**BRIEF**: In the material below, find the line with "Hi everybody, Josh" and the line with "Hello lovely people, how". Output exactly those two lines and all lines between them, leaving out pictures.

**INFORMATION SUPPLIED**:
++++++

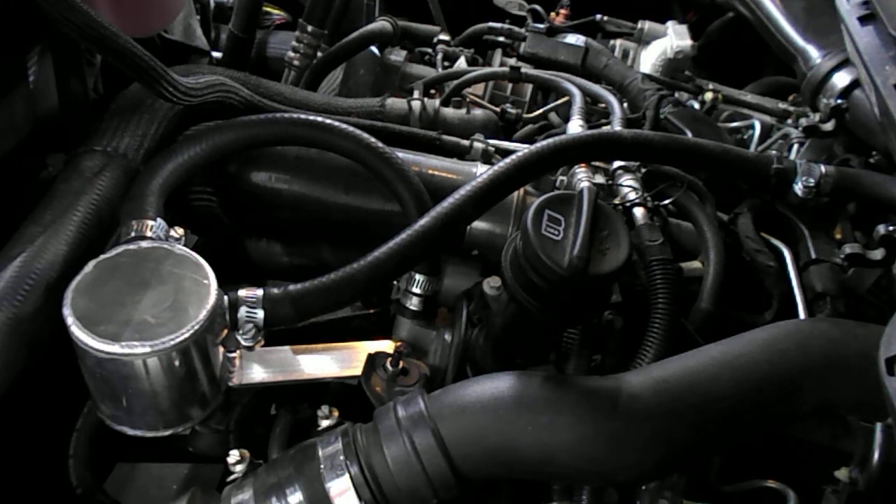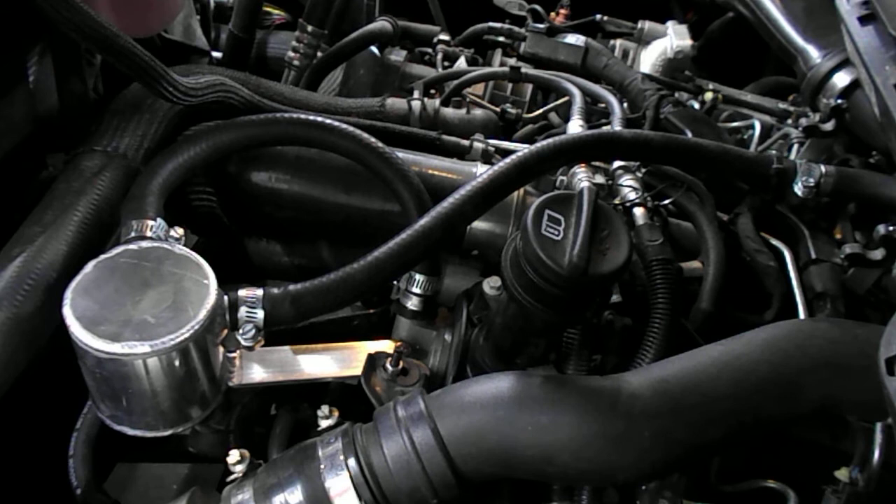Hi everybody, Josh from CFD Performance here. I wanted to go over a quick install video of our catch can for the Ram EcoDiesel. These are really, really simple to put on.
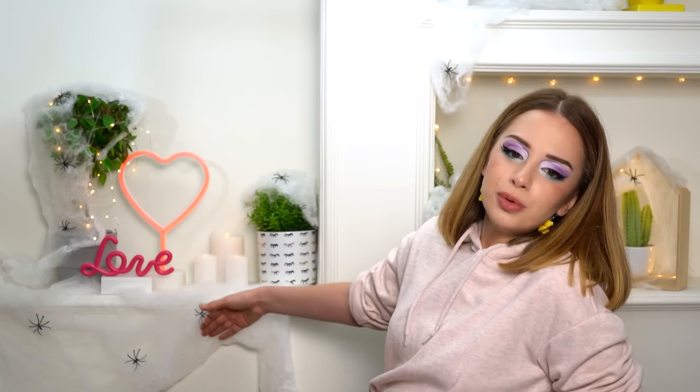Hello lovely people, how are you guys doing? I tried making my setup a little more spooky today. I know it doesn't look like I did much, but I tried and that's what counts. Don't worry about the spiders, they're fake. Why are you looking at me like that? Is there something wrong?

++++++

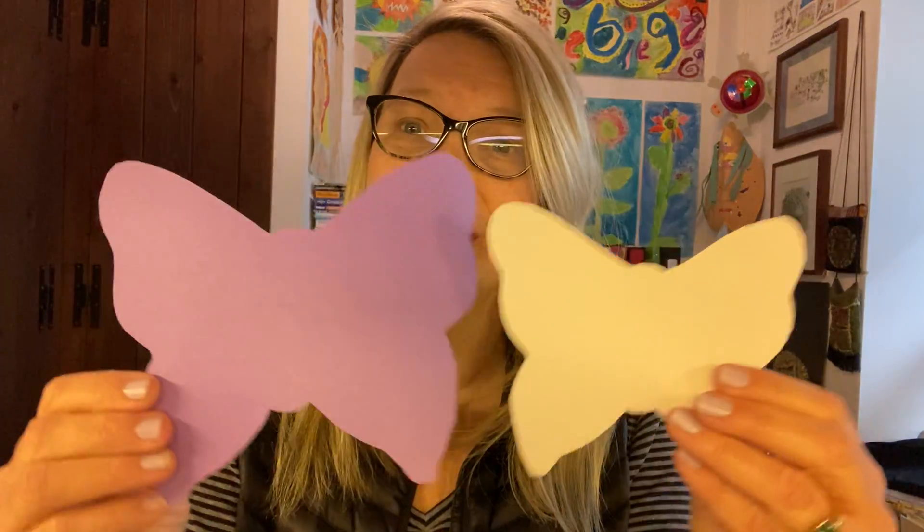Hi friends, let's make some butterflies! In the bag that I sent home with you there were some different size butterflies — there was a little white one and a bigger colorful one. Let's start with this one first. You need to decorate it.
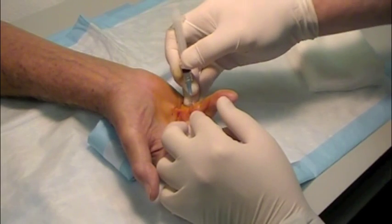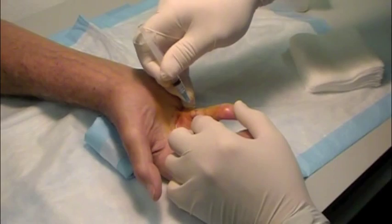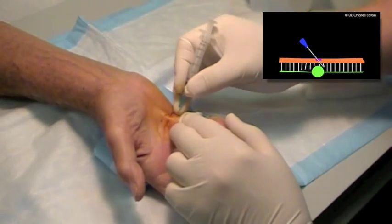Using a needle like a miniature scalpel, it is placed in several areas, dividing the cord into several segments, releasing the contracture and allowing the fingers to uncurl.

++++++

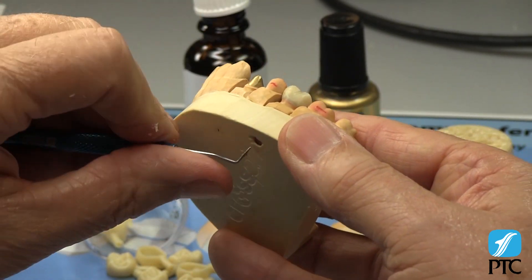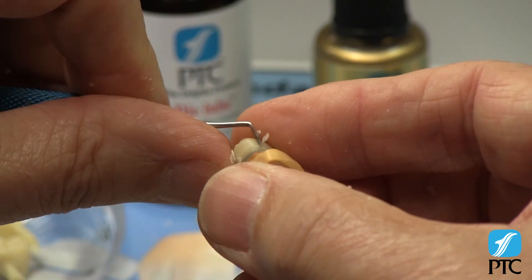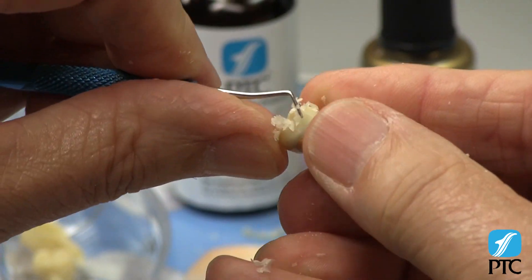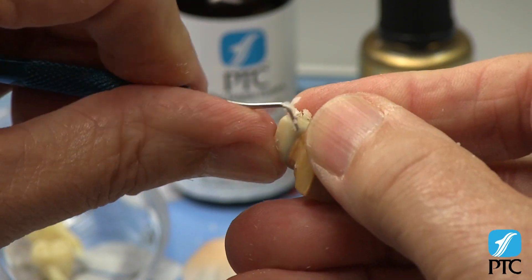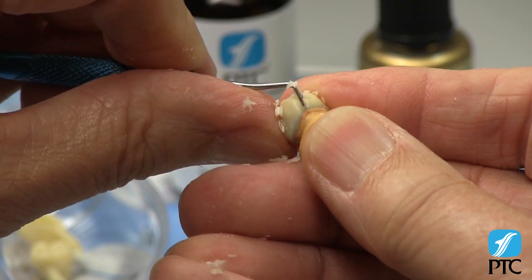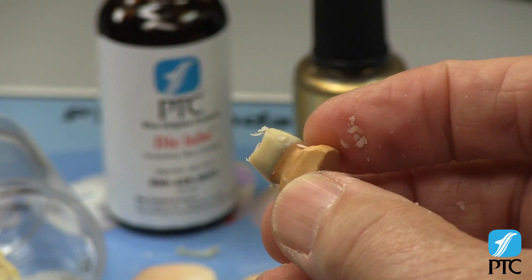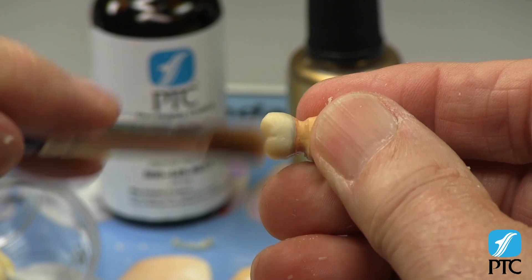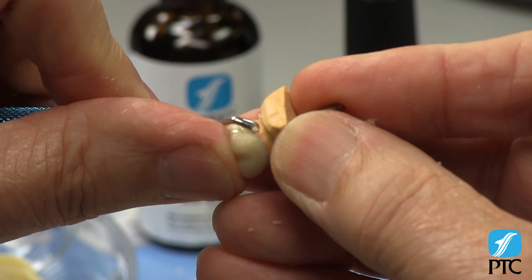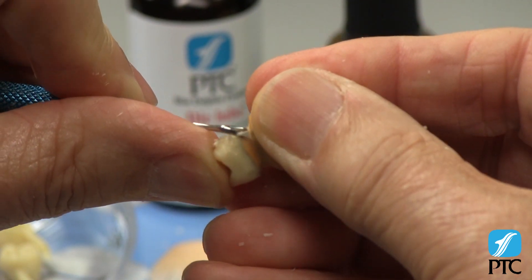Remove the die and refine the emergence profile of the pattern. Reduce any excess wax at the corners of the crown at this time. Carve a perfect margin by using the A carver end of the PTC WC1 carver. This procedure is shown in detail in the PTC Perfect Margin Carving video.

++++++

**COMPLETED TASK**:
Hi everybody, Josh from CFD Performance here. I wanted to go over a quick install video of our catch can for the Ram EcoDiesel. These are really, really simple to put on.
Hello lovely people, how are you guys doing? I tried making my setup a little more spooky today. I know it doesn't look like I did much, but I tried and that's what counts. Don't worry about the spiders, they're fake. Why are you looking at me like that? Is there something wrong?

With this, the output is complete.